▶ **Items listed in a dataset**:
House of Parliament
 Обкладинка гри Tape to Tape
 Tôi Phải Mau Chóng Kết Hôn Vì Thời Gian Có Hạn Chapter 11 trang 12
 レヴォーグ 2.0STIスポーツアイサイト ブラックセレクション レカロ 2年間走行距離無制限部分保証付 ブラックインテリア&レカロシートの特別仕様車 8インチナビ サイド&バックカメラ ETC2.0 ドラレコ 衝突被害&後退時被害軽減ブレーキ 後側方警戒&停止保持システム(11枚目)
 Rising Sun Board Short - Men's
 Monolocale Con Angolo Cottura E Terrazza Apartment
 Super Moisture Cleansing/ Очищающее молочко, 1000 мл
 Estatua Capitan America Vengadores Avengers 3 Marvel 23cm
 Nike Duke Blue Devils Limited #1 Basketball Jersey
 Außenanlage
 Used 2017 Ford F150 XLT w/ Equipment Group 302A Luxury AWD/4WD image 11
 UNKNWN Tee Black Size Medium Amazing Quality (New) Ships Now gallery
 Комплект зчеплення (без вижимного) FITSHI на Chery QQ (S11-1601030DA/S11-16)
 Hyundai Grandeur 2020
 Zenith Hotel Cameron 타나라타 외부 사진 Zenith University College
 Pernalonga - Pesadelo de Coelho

▶ **What this task involves**: Your answer must consist only of the lines from the one with "Super Moisture Cleansing/" through the final line of the entries, each retyped exactly.

▶ **Exercise solution**:
 Super Moisture Cleansing/ Очищающее молочко, 1000 мл
 Estatua Capitan America Vengadores Avengers 3 Marvel 23cm
 Nike Duke Blue Devils Limited #1 Basketball Jersey
 Außenanlage
 Used 2017 Ford F150 XLT w/ Equipment Group 302A Luxury AWD/4WD image 11
 UNKNWN Tee Black Size Medium Amazing Quality (New) Ships Now gallery
 Комплект зчеплення (без вижимного) FITSHI на Chery QQ (S11-1601030DA/S11-16)
 Hyundai Grandeur 2020
 Zenith Hotel Cameron 타나라타 외부 사진 Zenith University College
 Pernalonga - Pesadelo de Coelho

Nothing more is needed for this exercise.